对于大型分布式存储系统来说,将元数据管理与数据管理相分离,可以提高系统的并行处理能力,避免传统文件系统中存在的I/O瓶颈:
元数据服务器(Metadata Server,MDS)的内存容量有限,无法将所有的元数据都存放在内存中。因此,常规的方法是用内存中的缓存来处理读请求,所有的更新则必须存储在磁盘中。
元数据存储有两种方式:
- 直接附加存储(Directly-Attached Storage,DAS),将元数据直接存放在MDS中
这种方式的问题在于,一旦MDS发生故障,需要迁移的数据量会变大。
- 共享元数据存储(Shared Metadata Store),将元数据存放到存储服务器中
这种方式减少了需要迁移的数据量,同时还能利用通用硬件来存储数据。
元数据分布
- 静态子树划分(Static Subtree Partitioning)
Static subtree partitioning typically requires a system administrator to decide how the file system should be distributed and manually assign subtrees of the hierarchy to individual file servers.
可能会造成负载不均衡:
If client workload is not evenly distributed across all file data, static partitioning is vulnerable to imbalance as individual servers can be overloaded by “hot spots” of popularity in certain parts of the hierar- chy.

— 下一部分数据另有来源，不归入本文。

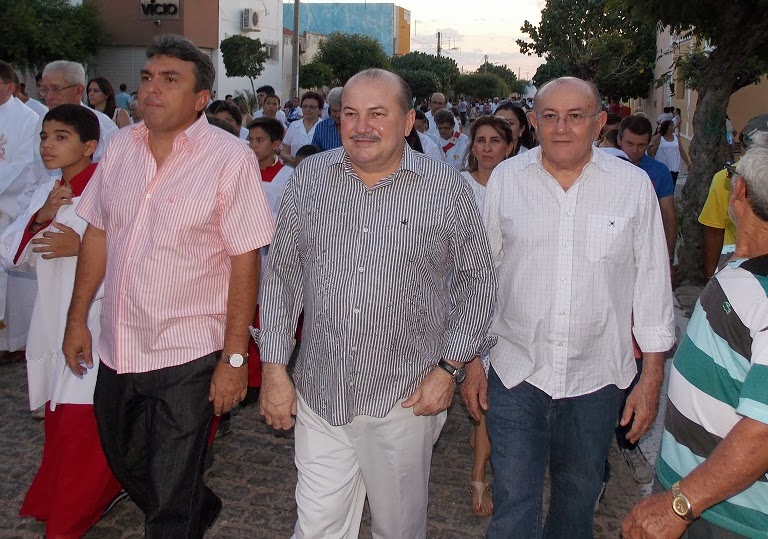 Resultado de imagem para fotos de vivaldo costa,  com saly na procissão de festa de cruzeta em 2016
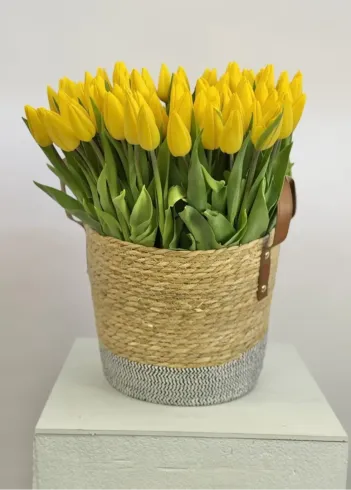 Композиция: &laquo;101 тюльпан&raquo; от интернет-магазина цветов в 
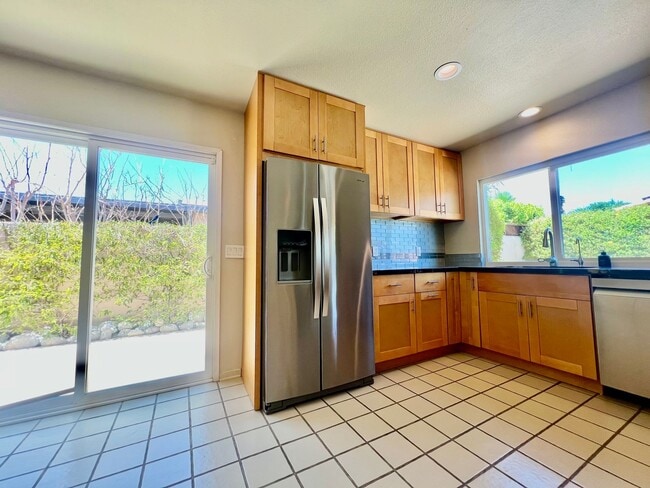 Building Photo - AVAILABLE NOW! 3 Bedroom 2 Bathroom POOL H...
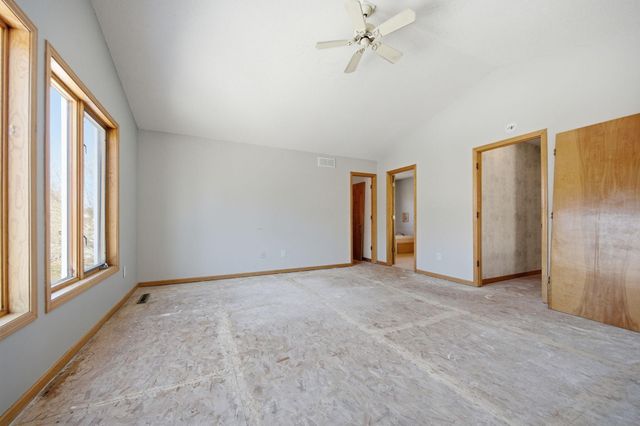 16657 Hutchinson Drive, Lakeville, MN 55044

- 哈希映射(Hash-based Partitioning)
distribute files across servers based on a hash of some unique file identifier, such as an in- ode number or path name.
优点:可以实现元数据的负载均衡
缺点:
1.Hot-spots consisting of individual files can still overwhelm a single responsible MDS.

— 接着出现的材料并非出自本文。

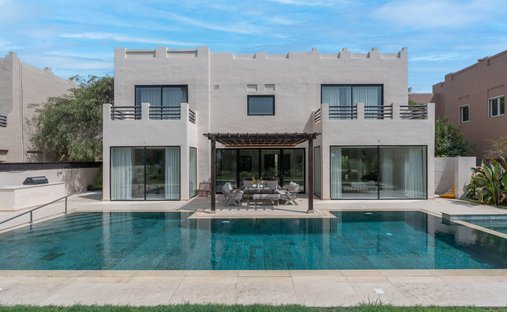 Villa in The Lakes, Dubai, United Arab Emirates 1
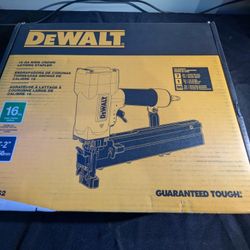 DeWalt 16 Gauge Wide Crown Lathing Stapler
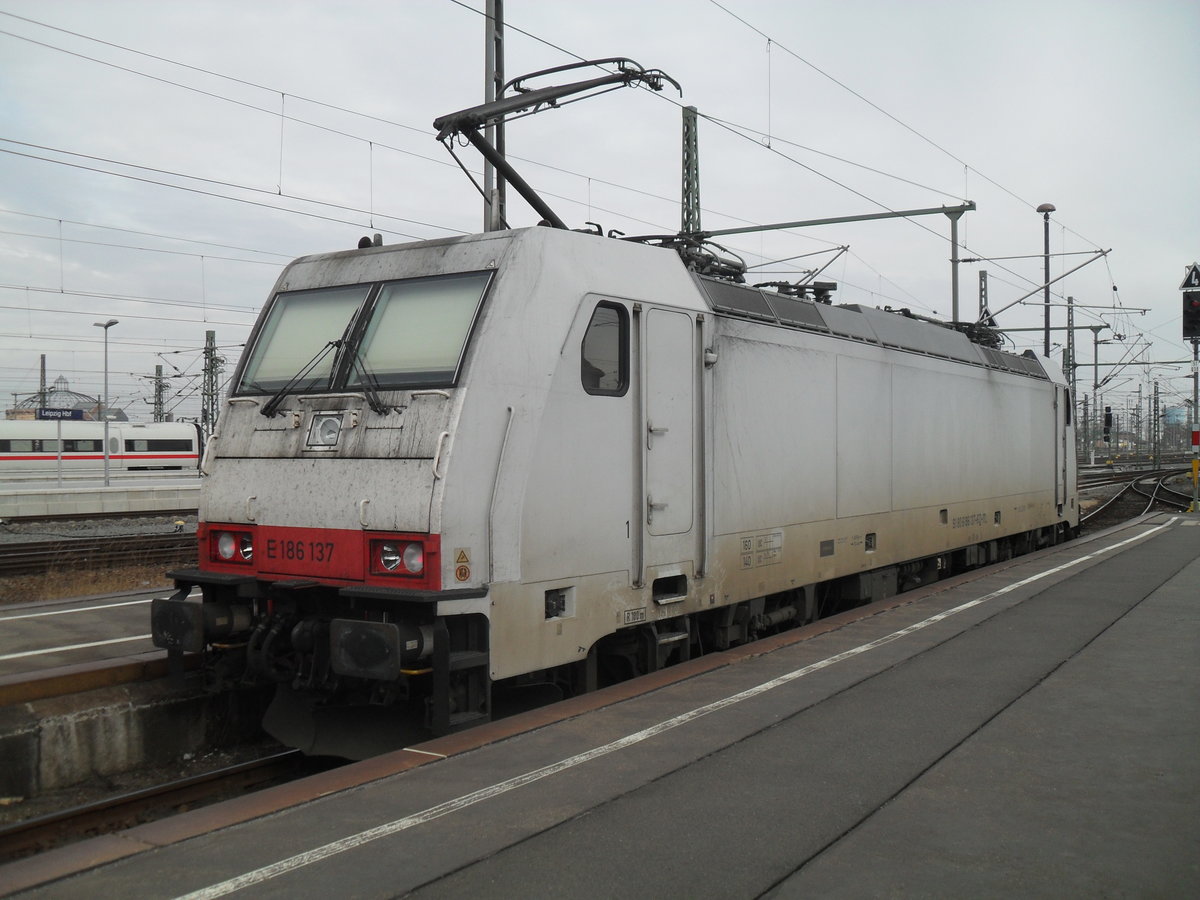 E186 137 der ITL in Leipzig Hbf. (Juli 2016)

2.A hashed metadata distribution also makes the process of expanding the MDS cluster to accommodate growth more difficult because the size of the desired output range suddenly changes.

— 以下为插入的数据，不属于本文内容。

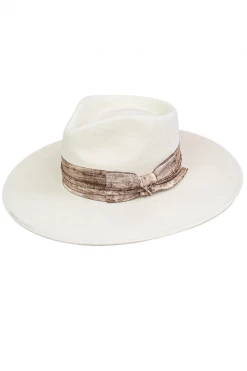 PETER GRIMM PERLA WOOL HAT IN WHITE HONEYMOON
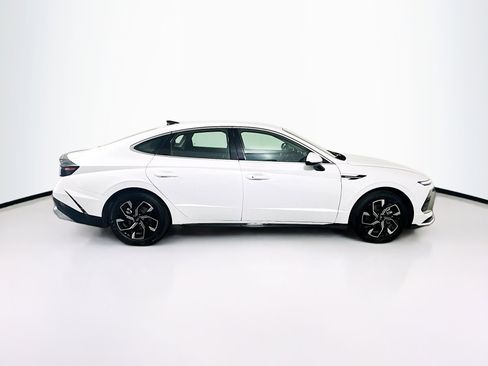 Used 2025 Hyundai Sonata SEL FWD image 10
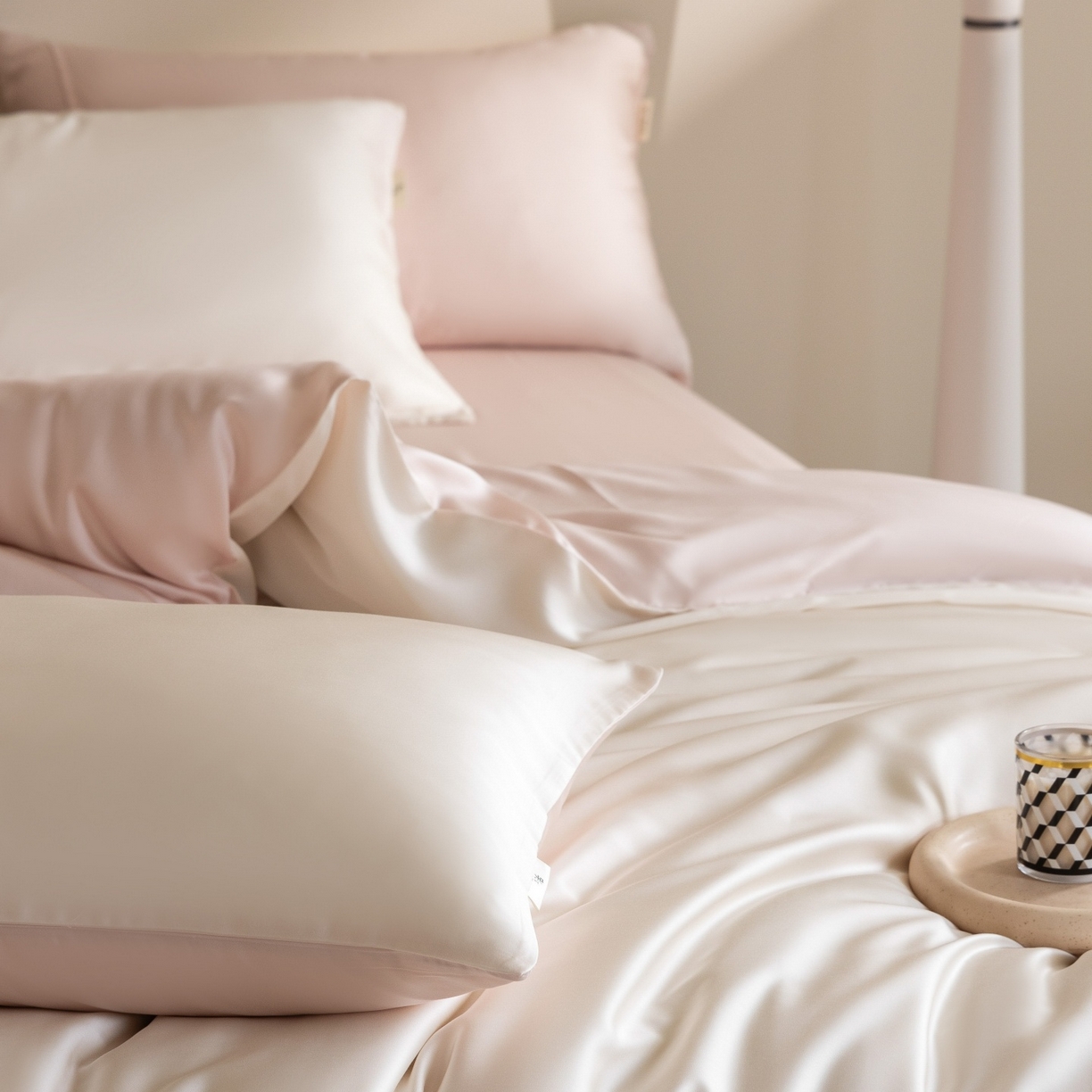 91家纺网 家纺一手货源 找家纺 时亿家居 2026春夏新款60天丝-丝颜悦色系列-被套四件套 杏云粉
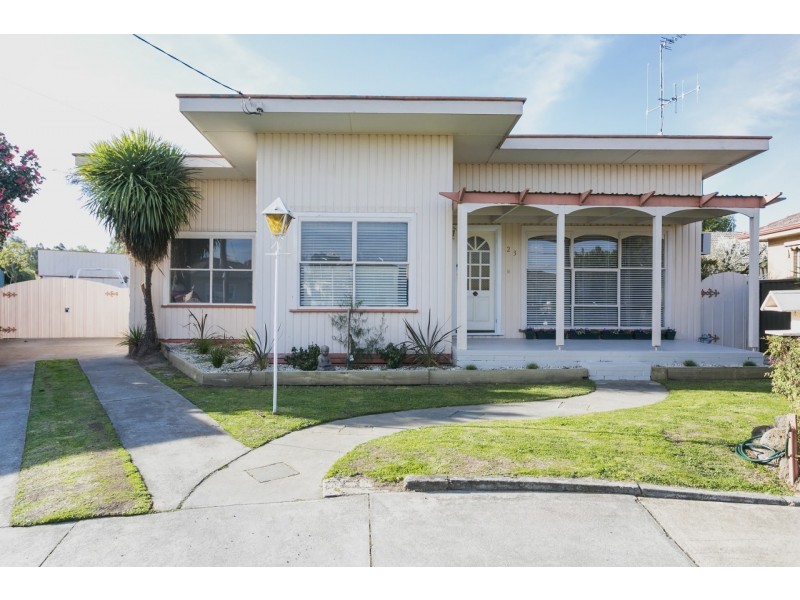 23 Morshead Court, White Hills VIC 3550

- 动态子树划分(Dynamic Subtree Partitioning)
Central to the dynamic subtree partitioning approach is the treatment of the file system as a hierarchy. The file system is partitioned by delegating authority for subtrees of the hierarchy to different metadata servers.
负载均衡
若某个目录很大,或者访问频繁,那么,可以将目录中的内容进行哈希映射:
a single directory becomes extraordinarily large or busy
an individual directory’s contents can be hashed across the cluster, such that the authority for a given directory entry is defined by a hash of the file name and the directory inode number.
哈希映射是动态的:
we propose that the decision to hash (or unhash) a directory be dynamic: as directories grow or become popular it may become appropriate to hash them, but if they shrink or become less popular they should be consolidated on a single node for more efficient manipulation and storage.
负载均衡策略应该追求资源利用率的均衡:
A robust load balancing strategy might seek to equalize utilization of all resources across the cluster.
流量控制
使用访问计数器表示元数据的流行度,其值随着时间不断衰减。
对于热门文件/目录,将其元数据复制多份,分散流量;否则,直接访问相应的MDS。
MDS nodes monitor the popularity of metadata using a simple access counter whose value decays over time, or any other measure or estimate of the extent to which an item appears in client caches (precision isn’t necessary).
All responses sent to clients include current distribution information—that is, which MDS nodes the client should contact in the future—for the metadata requested and their prefix directories, which are then cached on the client.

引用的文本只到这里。